Fellow blogger, Georgia Patrick, brought up some great thoughts in an email series we bounced back and forth. This is a common question (and complaint) that I address all the time. I thought it may be important for this to be brought up here.
If you have comments or proof of shorter copy working better than longer copy - PLEASE let me know!
The Initial Email…
I have a question for you.
Your copy is long. It's a lot of reading and scrolling.
My question is, how does that work?
It must work or you would do something else. Who goes through that much content and buys from you? Perhaps you have explained this before in your books or presentations.
I run across these long, text heavy sites, promising business success and I just wonder how that works for the buyer and seller?
Thank you,
Georgia Patrick
My response
Hi Georgia, glad you enjoyed that!
The copy debate on long copy vs. short has been going on for decades.
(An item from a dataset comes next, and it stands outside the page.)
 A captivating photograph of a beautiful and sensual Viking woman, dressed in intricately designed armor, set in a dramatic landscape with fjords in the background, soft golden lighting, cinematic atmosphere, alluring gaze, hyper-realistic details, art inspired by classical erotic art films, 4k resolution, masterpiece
Historically, long copy sales letters have always outperformed (in terms of measurable sales) shorter copy. But, that said, it is all about the testing. Long copy still works - but I am testing shorter copy with some clients to see if we can get better results with a shorter message.
It seems that no one would read all those words - but the facts prove they do. At least those who are interested in your product or service. Those that won't read the copy - typically wouldn't read short either - nor are they typically a real buyer.
That said - there are a ton of companies who are very successful who never use this approach - but they do have big budgets to run the "image" style ads that don't elicit an immediate response.
These types of ads have to run for a long time to get solid numbers.
It is all about the testing though - the only ones who can really tell you what works are the paying prospects. Let them decide which works better.